Posted by Dirck on 4 July, 2012

This is, I think, the last reference I’ll make to the efforts of the past vacation, and unlike yesterday’s entry, I am without a blush bragging.

This was, in fact, about the first thing I got stuck into once I’ve finished with my cycle in the hyperbaric chamber to avoid the bends that the end of The Regular Job might bring on.  It was also, I must assume, thus preserved from the dunderhead affliction that I’ve spoken of in the past two entries.  That’s a good thing, as it happens, because the pen I worked on was not mine, and so wandering through the gardens of my fancy really wasn’t on.

The pen was a Waterman Maestro (and the fact that I had it in the house gave me an excuse to run up a page for the model) which had been dropped.  Here’s a picture of the problem:

Peace? Victory? Two? The pen never explained the gesture.

This picture, as most of the ones I take for the purpose, doesn’t really show the problem so well.  To illustrate the damage, press the first two fingers on your hand (either one) against a table so the bend back to the point where the tension just begins to be uncomfortable.  It’s not optimal for the function of a pen, to be honest.

The work on this pen is a bit of a marker to the end of a period in my life, as it’s the last item of point-work I took on before publicly admitting that I will take on point work.  This and the previous few I undertook were predicated on either the pen’s owner asking if I could and finding, “Well… I’ll try, but if it looks like I’m going to wreck it I’m stopping” a sufficient surety, or on the pen’s owner lamenting the semi-destruction of a pen in a forum and not panicking when I sidled up to them in a chat message with something like, “Say, how’d you like to let me practice on your pen?  No charge!”  The owner of the Maestro was in this latter camp, and his bravery has been rewarded thus:

Those wishing to find fault may start with the plating that flaked off during the procedure.  Pray note, though, that the stuff missing around the section was off when I got it, and the owner was warned it was a likely consequence.

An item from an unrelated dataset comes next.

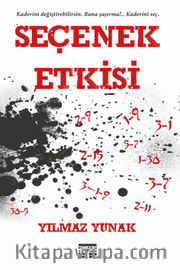 Seçenek Etkisi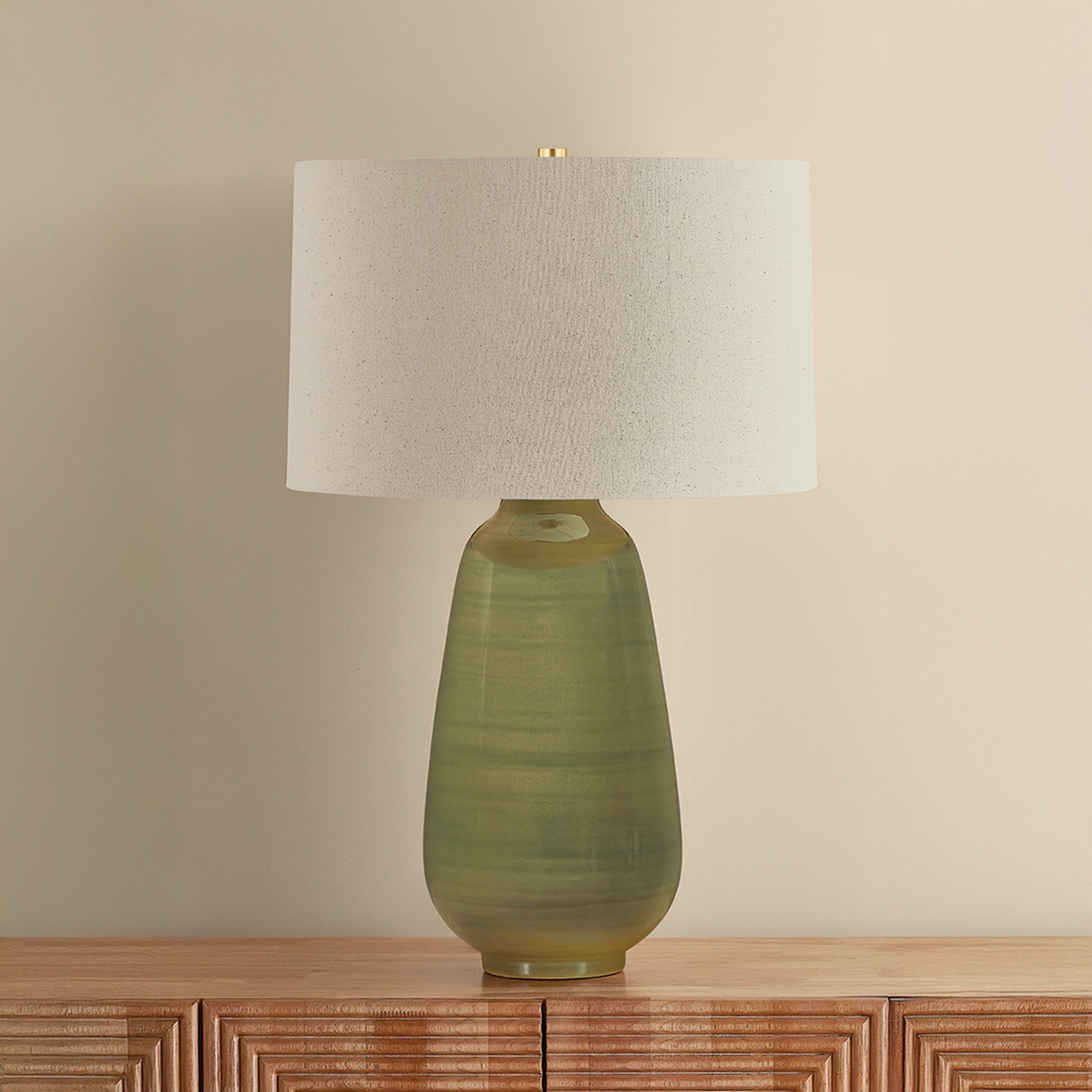 Piermont Table Lamp by Hudson Valley Lighting-2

Now, I start off by saying that I’m bragging, but I have to put a caveat on the horn-tooting; I’ve not yet heard back from the owner.  I thought the pen tested out pretty well, but I am as capable of self-deception as the next guy– about 38% of the articles here are sterling proofs of my own fallibility in this area.  It may be that what I think was darn good work turns out to be a grave disappointment to one who know the pen before the fall.  I may brag unrestrictedly only of the owner says “Bang-up job!  Superb! &ct!”… and really, even then, I shouldn’t.  Something else I contemplate fairly regularly here is the ongoing willingness of the gods to punish hubris, and I’ve read enough classical literature to know that I want to stay well clear of the muzzle of that particular gun.

…and because I know some of my intermittent readers have backgrounds in metalwork and/or armouring, I’ll own up to the mis-use of technical terms in the title.  I burnished that point; clearly it’s not been chased at all.

Today’s pen: Sheaffer Admiral
Today’s ink: Mont Blanc Royal Blue


One Response to “Chasing a Point”

  1. I brag a very little, perhaps. From a subsequent email sent by the client:
    “I have to say that you exceeded my expectations. I am very pleased to be able to return my pen to its rightful place in my shirt pocket.”